>>
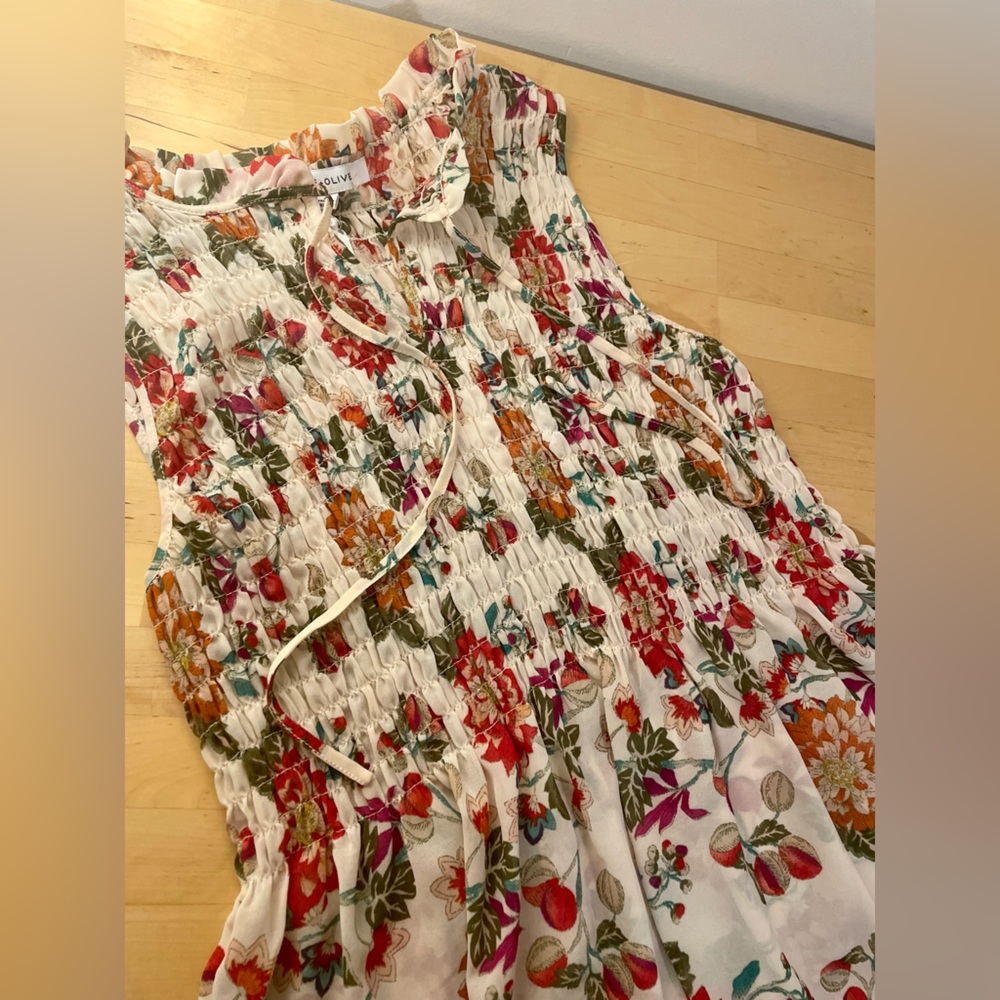 🌹 NWT Rose & Olive floral blouse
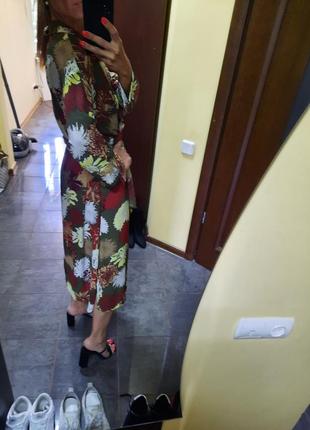 Міді сукня zara хакі з квітковими мотивами10 фото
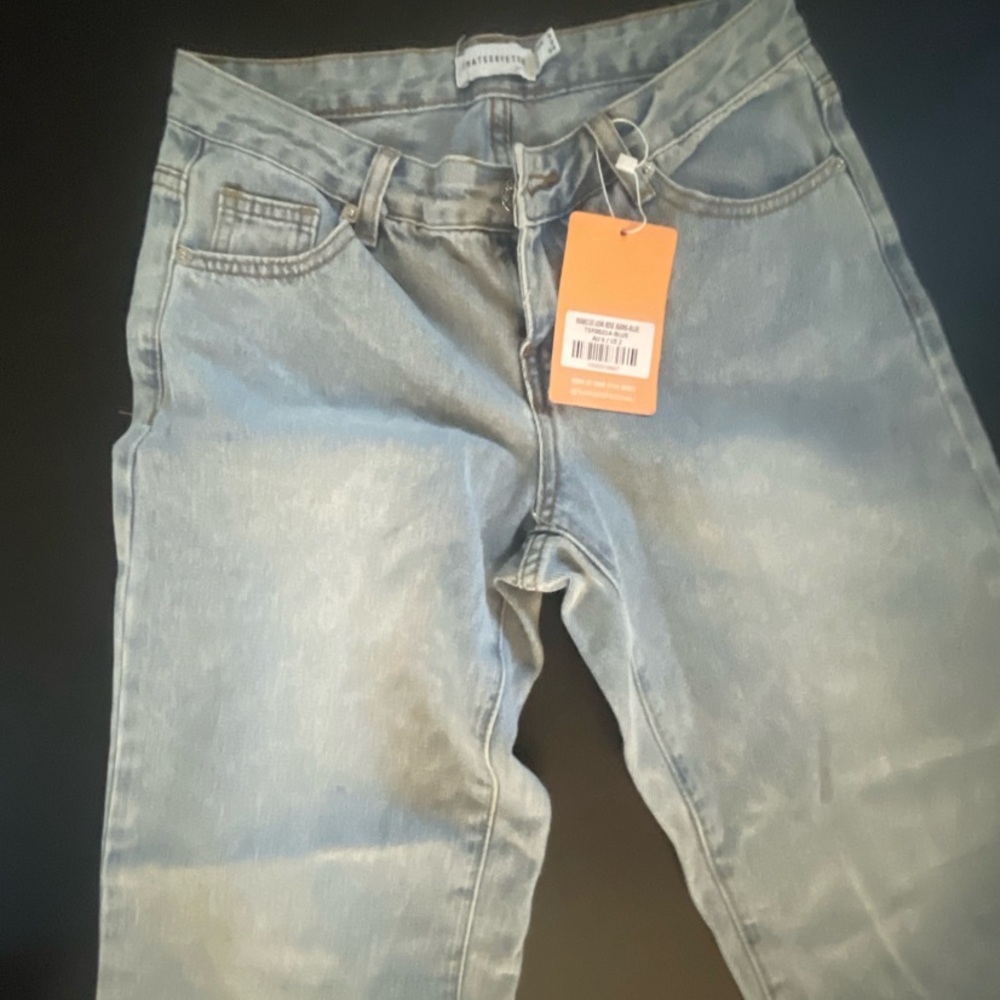 That’sSoFetch online brand Women’s Low Waisted Jeans size 23 -24 Wide leg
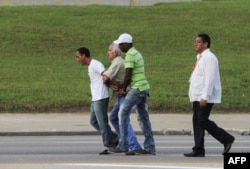 Арест диссидента, пытавшегося прорваться на встречу с папой. Гавана, 20 сентября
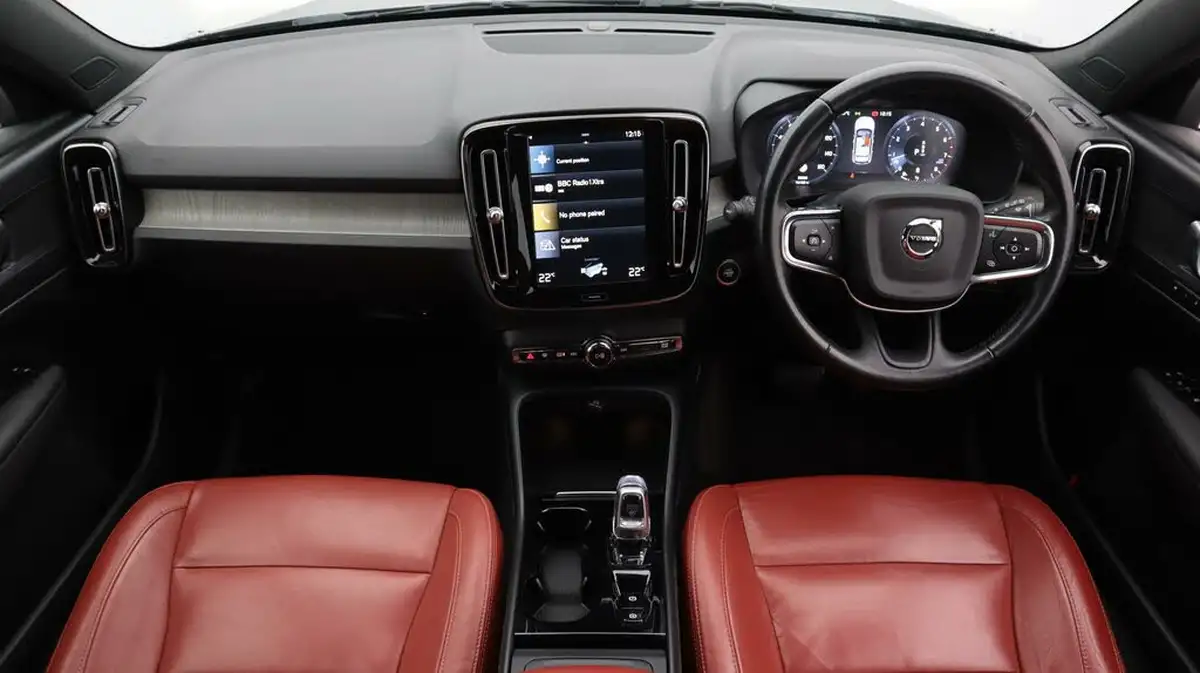 2020-volvo-xc40-20-b4-inscription-awd-big-13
<<
- [EXERCISE DIRECTIONS]:
If an entry holds a picture, leave the picture out and repeat the rest exactly.

- [SOLUTION TO THE EXERCISE]:
 🌹 NWT Rose & Olive floral blouse
 Міді сукня zara хакі з квітковими мотивами10 фото
 That’sSoFetch online brand Women’s Low Waisted Jeans size 23 -24 Wide leg
 Арест диссидента, пытавшегося прорваться на встречу с папой. Гавана, 20 сентября
 2020-volvo-xc40-20-b4-inscription-awd-big-13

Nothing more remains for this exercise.